CLARENDON NATIONAL INSURANCE CO. V. MEDINA (July 13, 2011)
Guillermo and Maria Medina's son gave his old truck cab to his mother. Although she could not drive it, Guillermo had a commercial license and experience. With Maria's authorization, Guillermo got a job with Town Trucking. Federal law requires interstate truckers like Town to either own their equipment or enter into a lease with the owner. Guillermo and Town entered into a operating agreement in which Guillermo purported to lease Maria's cab to Town. Although Maria never signed the agreement and was not familiar with its contents, she did know that Guillermo entered into a contract with Town and that he did it with her permission.
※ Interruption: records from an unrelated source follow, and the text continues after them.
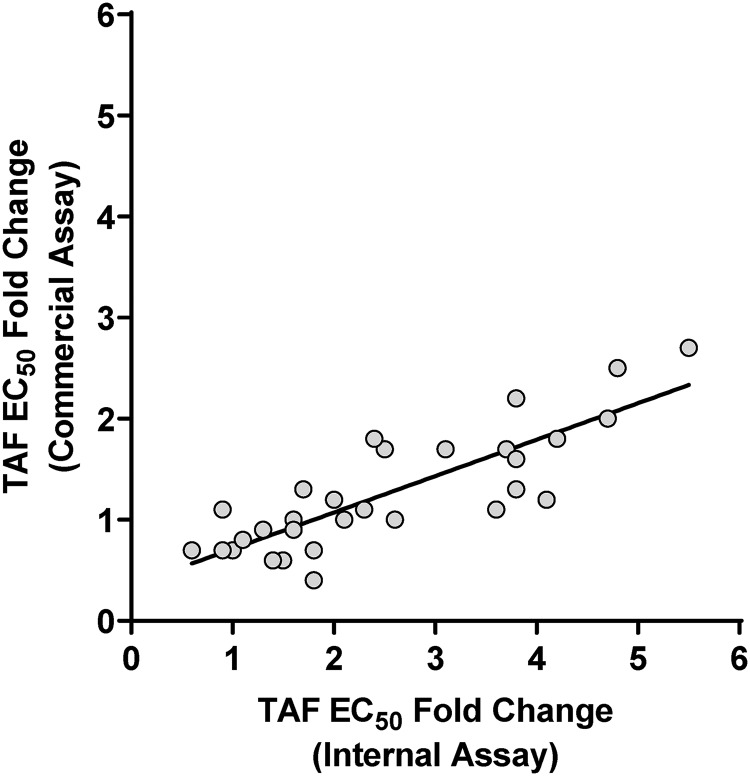 FIG 2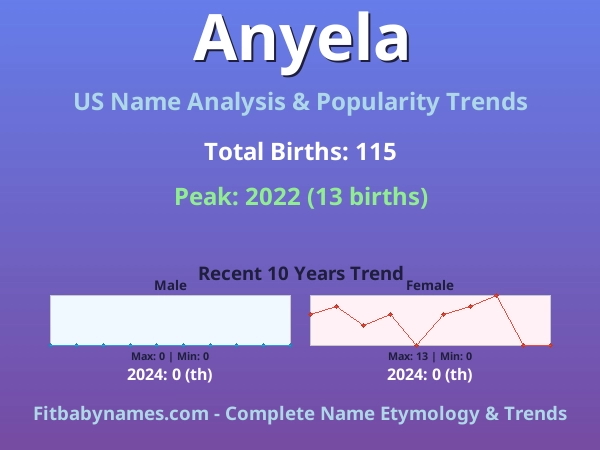 Infographic: Anyela name meaning, origin, and popularity trends in the United States (US baby name analysis chart)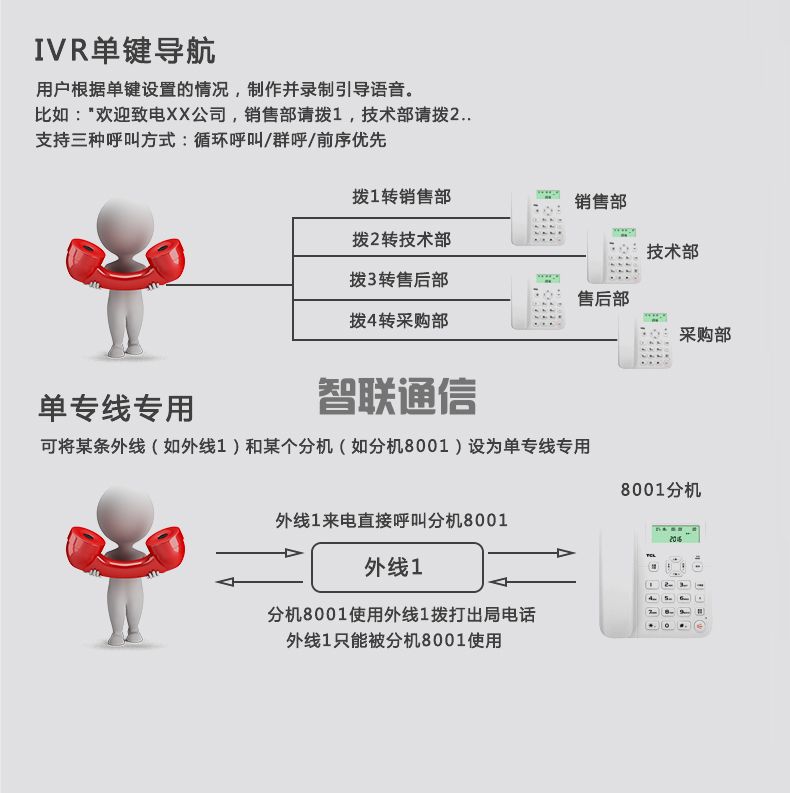 VIP600 微铃系列 V4型电话交换机(图9)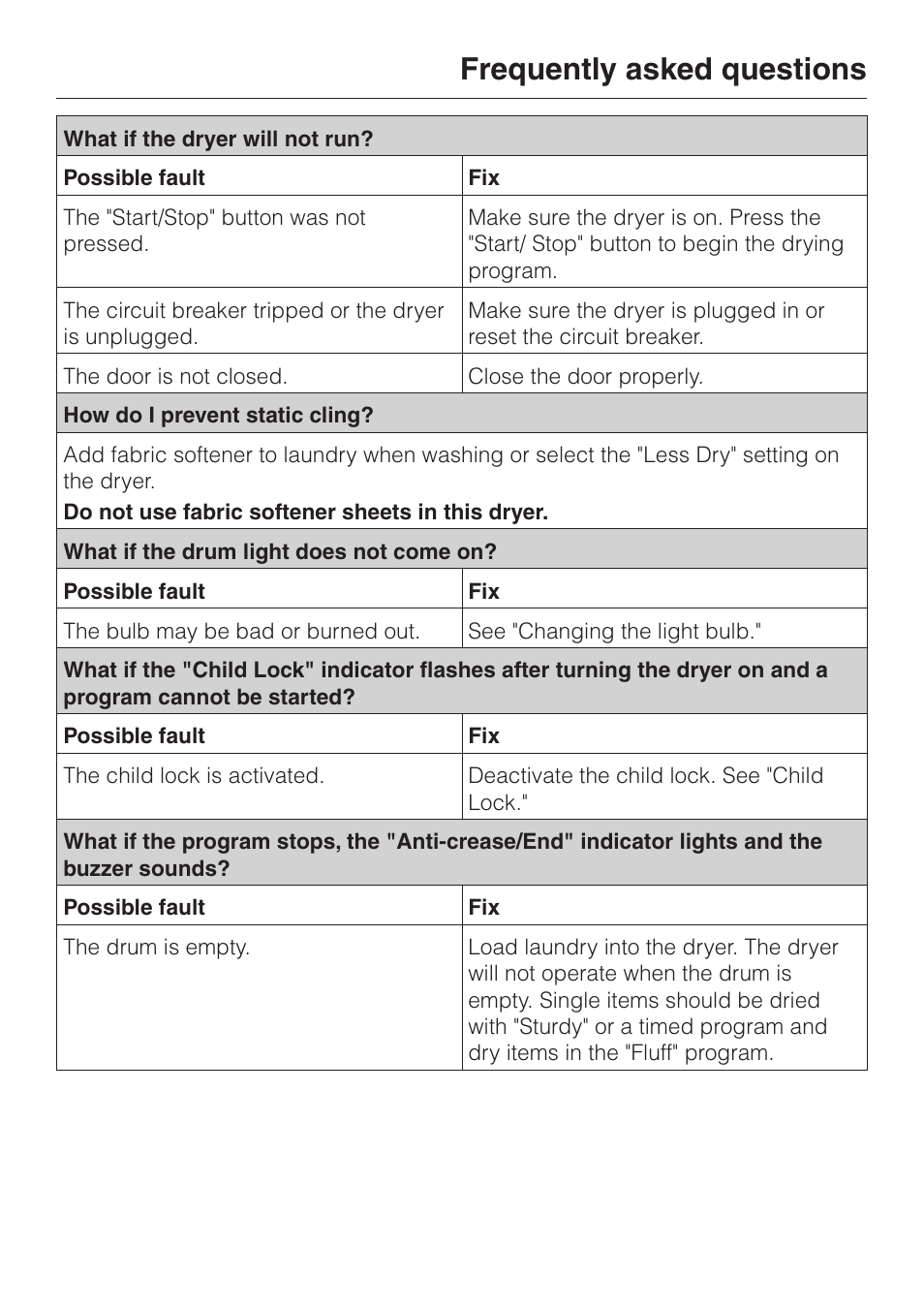 Frequently asked questions | Miele TOUCHTRONIC T 1339 C User Manual | Page 25 / 44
Town had $1 million in insurance coverage for its drivers, including Guillermo, that provides coverage when they are using equipment on Town business. Guillermo also obtained a $750,000 policy to cover him while using the equipment not on Town business. In late November 2006 Guillermo delivered a load of shingles to a store in McHenry, Illinois and was returning with an empty trailer to pick up a second load for delivery. It was during this return trip that Guillermo lost control of his vehicle and struck a small truck, killing its driver. Town’s insurer settled the lawsuit brought by the driver's parents for the policy limits. Guillermo's insurer, Clarendon National, denied coverage. It relied on the policy’s exclusion for accidents that happen when the vehicle is in the business of anyone to whom it is rented. Clarendon filed suit, seeking a declaration of its obligations. The defendants claimed that the exclusion did not apply because the vehicle was actually never rented to Town by Maria, its lawful owner. Judge Kendall (N.D. Ill.) granted summary judgment to Clarendon, concluding that Guillermo entered into the agreement with Town with Maria's knowledge and permission. Defendants appeal.
In their opinion, Judges Rovner, Wood, and Tinder affirmed. In Illinois, the Court stated, an insurance agreement is a contract and the general rules of contract construction apply. If the language of the policy is unambiguous, it should be applied as written. The Court found no ambiguity in the Clarendon policy. The only question is whether the truck was rented to Town at the time of the accident. The Court recognized that the lawful owner of the truck did not sign the agreement. The Court nevertheless found that the truck was rented to Town, the exclusion applied, and Clarendon had no coverage obligation. First, federal regulations define "owner" as including someone who does not have title but has the exclusive use of the equipment. Second, Maria and Guillermo had an agency relationship and Illinois law allows an agent to act on behalf of an undisclosed principal. Third, the agreement between Guillermo and Town satisfied all the requirements for a written contract.